Contrast that with Dinamo Zagreb, who fly in riding a gale-force tailwind. Sure, there was a hiccup—1-2 away at Lokomotiva Zagreb last week. But before that, Zagreb ripped through Maccabi Tel Aviv and Fenerbahce in Europe, dispatching both with attacking intent and a ruthless streak that Malmö can only envy. They’ve averaged 1.7 goals per game over their last ten, and the likes of Dion Drena Beljo and Mateo Lisica are in the kind of form that keeps opposing fullbacks up at night. Zagreb are playing with swagger, but it’s underpinned by real tactical discipline and an edge that comes from years of continental experience.

So, we’re set for collision, but what does the tactical map look like? Malmö, likely to stick with their flat 4-4-2, will lean heavily on veterans like Pontus Jansson at the back, desperate for some stability after recent calamities. Eyes also turn to Lasse Berg Johnsen in midfield: he must dictate tempo, plug gaps, and set the rhythm—responsibilities that grow heavier with every opponent’s counterattack. Further forward, the onus falls on the likes of Isaac Kiese Thelin and the creative spark of Anders Christiansen to finally turn half-chances into something more tangible. The Swedes need incision between the lines, quick switches of play, and, bluntly, a level of execution we haven’t seen from them since late summer.

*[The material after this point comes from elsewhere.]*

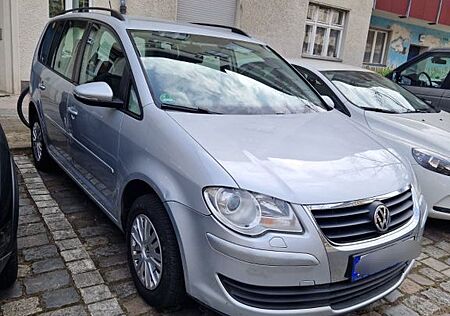 VW Touran Volkswagen 1.9 TDI DSG DPF -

Dinamo, meanwhile, excel in a flexible 4-2-3-1. Dion Drena Beljo leads the line with the kind of movement that stretches defensive shapes, flanked by the quicksilver Mateo Lisica and supported by the work rate of Dejan Ljubičić—the latter scoring twice against Maccabi Tel Aviv in their group-opening clinical display. Dinamo’s game is all about rapid transition: win the ball deep, break lines fast, and exploit spaces before the opponent can recover their shape. Their double pivot offers protection as well as passing lanes, allowing their attacking quartet the freedom to overload wide areas and run at defenders.

That, right there, is the heart of the tactical battle: Malmö’s battered back four, often exposed on recovery, must deal with Dinamo’s pace on the flanks and discipline in the half-spaces. If the Swedes get overzealous pressing high, Zagreb will pick them off on the counter; if they sit too deep, they invite a slow suffocation, with Lisica and Hoxha probing until something gives. Jansson’s leadership will be tested—can he keep his line compact without ceding acres to Dinamo’s wingers? Can Malmö’s midfield double-pivot disrupt Dinamo’s rhythm, or will the Swedes spend most of the night chasing shadows?

Individual matchups abound. Watch for the duel between Busanello at left back and Lisica on Zagreb’s right wing: one-on-one defending under duress, overlapping runs, and the threat of late arriving midfielders will keep both managers—who aren’t shy about tactical tweaks—on their toes. In midfield, whoever dictates tempo—Johnsen or Ljubičić—may swing the balance.

But for all the tactical maneuvering, this is a gut-check for Malmö. At home, with the crowd itching for redemption, they must summon a performance of resolve and flair. Anything less, and the Europa League campaign is over before autumn’s even set in.

For Dinamo, the task is clear: stay organized, trust their attacking movement, and pound the bruises Malmö can’t quite hide. Take your chances when they come, and not only do you all but clinch qualification—you drive a stake through the heart of the opposition’s season.

Eleda Stadion will be a cauldron Thursday night, desperation against momentum, history against hunger. The story writes itself: Malmö fighting for breath, Dinamo hunting the kill. Expect fireworks, expect nerves, and don’t blink—because this is one of those European nights where fortunes turn on the thinnest of margins, and legends are made in the spaces nobody expects.